Problem details:
The listing below should be printed exactly, every line of it. Skip the pictures.

Dataset extract:
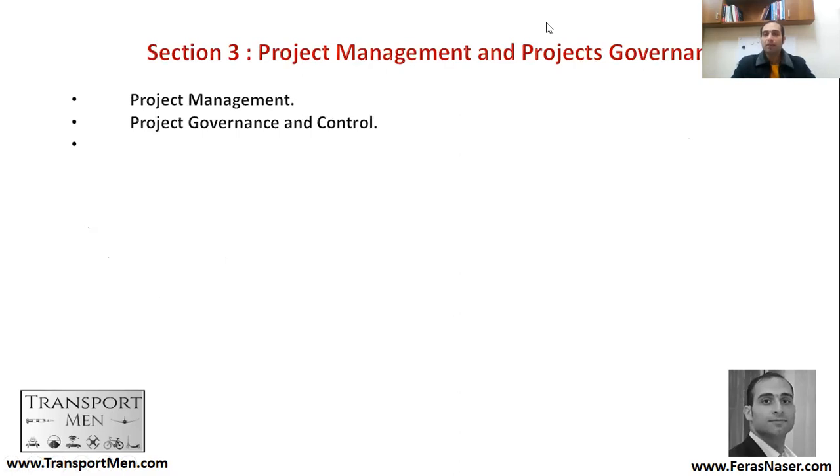So we stop here. Now you have a strategy, an understanding of assets management, and you have acquired finance. The next step is to think about how you will manage and govern your projects, which we will cover in detail in the coming sections. Have a great evening and see you in the next lecture.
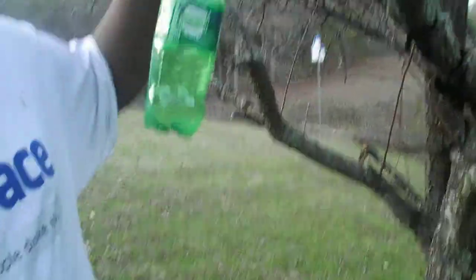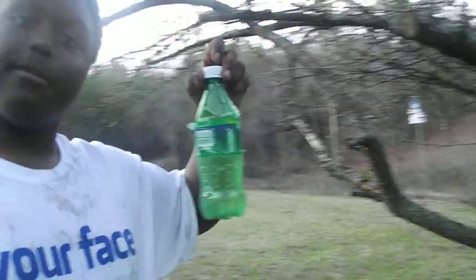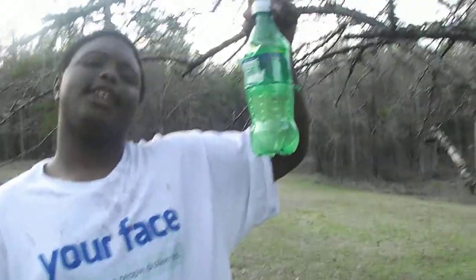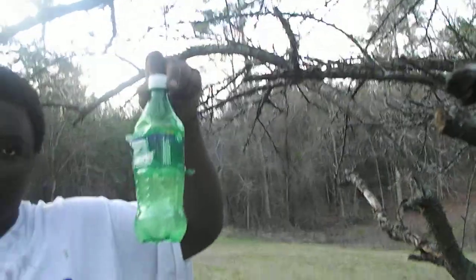Look at this, jacked up. My name is Voodoo306 and look at my jacked up Sprite bottle. Let's go check it out.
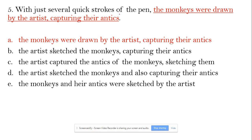With 'quick strokes of the pen,' the modifier is incorrectly attached to 'monkeys' — it should modify 'artist,' since the pen and strokes belong to the artist, not the monkey. So options A and E are out — both have an incorrect modifier.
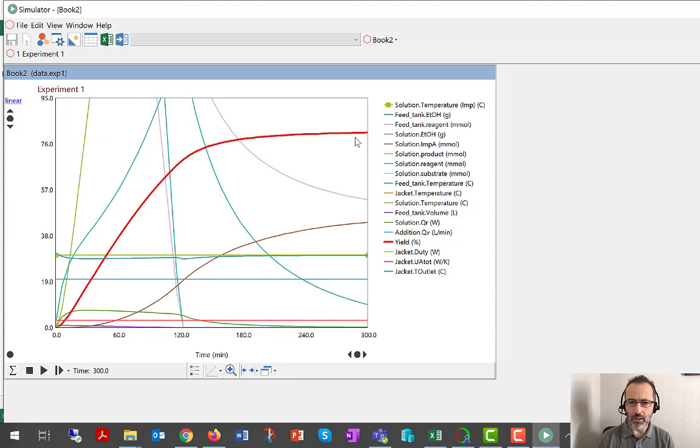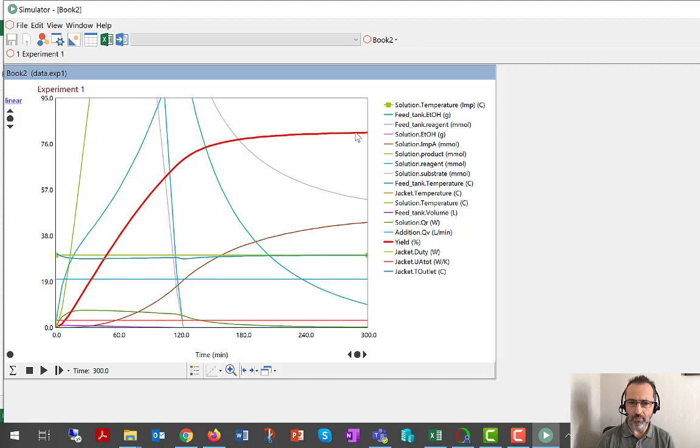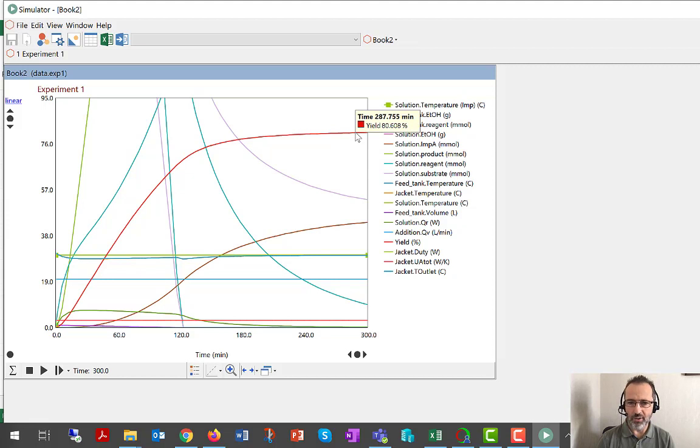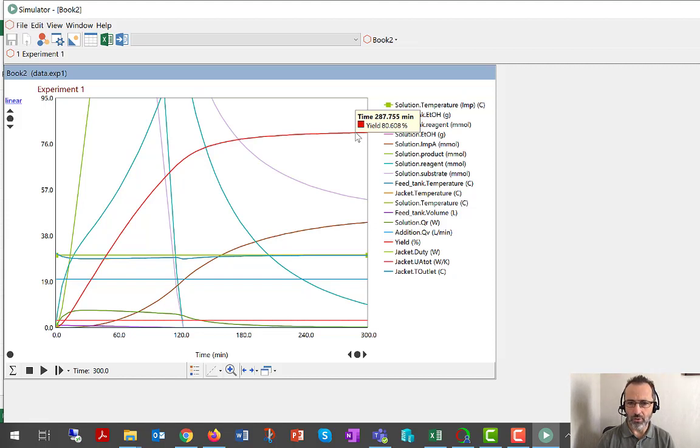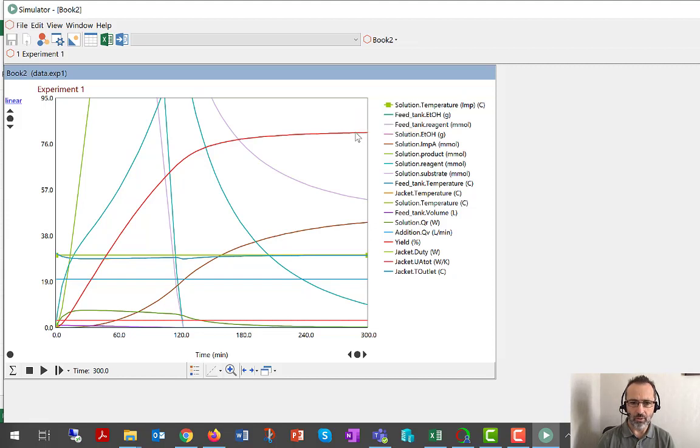I'm also going to click on yield. This isn't reaction optimization training, but the yield is higher when we run at 30 degrees C. So that does show a good use of a model like this to find conditions that operate with acceptable yield.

Answer below:
So we stop here. Now you have a strategy, an understanding of assets management, and you have acquired finance. The next step is to think about how you will manage and govern your projects, which we will cover in detail in the coming sections. Have a great evening and see you in the next lecture.
Look at this, jacked up. My name is Voodoo306 and look at my jacked up Sprite bottle. Let's go check it out.
With 'quick strokes of the pen,' the modifier is incorrectly attached to 'monkeys' — it should modify 'artist,' since the pen and strokes belong to the artist, not the monkey. So options A and E are out — both have an incorrect modifier.
I'm also going to click on yield. This isn't reaction optimization training, but the yield is higher when we run at 30 degrees C. So that does show a good use of a model like this to find conditions that operate with acceptable yield.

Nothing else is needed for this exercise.